Likewise, the Greens criticised the scrapping of legal aid as “dangerous and short-sighted,” but they support the entire framework of national-based immigration controls and the reactionary “border protection” regime erected by successive governments. From 2010 to 2013, the Greens were in de facto coalition with Labor, keeping that government in office as it ramped up the maltreatment of refugees.
In a second flagrant move to abrogate basic legal rights, Prime Minister Tony Abbott’s government this month forcibly transferred refugee detainees from Sydney’s Villawood detention centre to a remote camp at Curtin, on Australia’s northwest coast, in order to obstruct a legal case that the detainees had launched against the leaking of their personal details on the Internet.
In February, highly sensitive private details, including names, dates of birth, nationalities and places of detention, of around 10,000 asylum seekers were inexplicably published by the Department of Immigration and Border Protection on its web site.
A number of Villawood detainees initiated court applications on March 19, demanding permanent protection, because the privacy breach had put them and their relatives in their home countries, at even greater risk of persecution. The government’s first response was to try to coerce them into dropping their case.
In a signed letter, 50 asylum seekers from Villawood reported that Immigration and Border Protection staff attempted to intimidate them. After meeting some of these detainees, Dr John Sweeney, the head of research at the Edmund Rice Centre, confirmed that they were asked to sign a form clearing the department of any liability for the release of their personal data, including for harm they suffered after being deported to their native countries.
Sweeney commented: “They are effectively being asked to sign away a fundamental human right. These rights are inalienable and so even if a form has been signed, it is an illegal document.”
Then, in a punitive move to cut the detainees off from their lawyers, and remove them from the public eye, the government transferred 45 asylum seekers to Curtin, thousands of kilometres away, to an area where there is no mobile phone coverage.
Michaela Byers, the lawyer representing some of the detainees, said: “We can’t get instructions if the clients are on the other side of the continent with no telephone interpreters. There is only one landline in the centre manager’s phone. It’s outrageous—they are interfering with the judicial process and my clients’ rights. I find it so disturbing.”
Immigration and Border Protection officials claimed that the decision was necessary because of a refurbishment of the Villawood facility. But Sweeney asked: “Why couldn’t they just move them over the road into new refurbished accommodation?”
Lawyers applied for an injunction in the Federal Circuit Court to stop the transfers, yet a judge dismissed the application, saying there was no reason to interfere with the Department’s administrative arrangements.
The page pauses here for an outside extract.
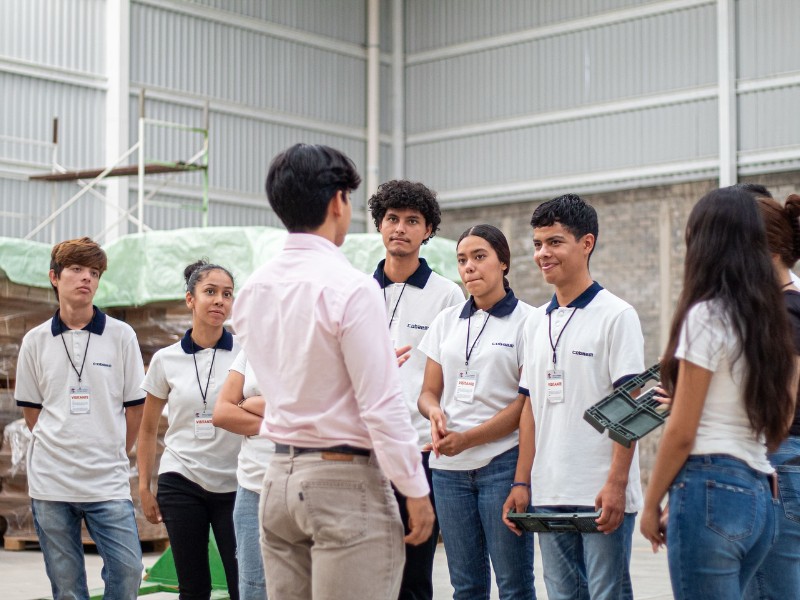 Buscan dar a conocer empresas locales a estudiantes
The Curtin detention centre, which is surrounded by desert, is one of the most isolated places in Australia and close to the Curtin Air Base. Former Howard government Immigration Minister Philip Ruddock once described it as the country’s “most primitive” processing centre. It was closed in 2002, but re-opened in 2010 by the previous Labor government.
By shifting these refugees to a remote location and cutting off all legal aid, in outright contempt of basic legal rights, the current government is also setting precedents that can be used more broadly against working class people as resistance develops to the scrapping of welfare entitlements and other brutal austerity measures.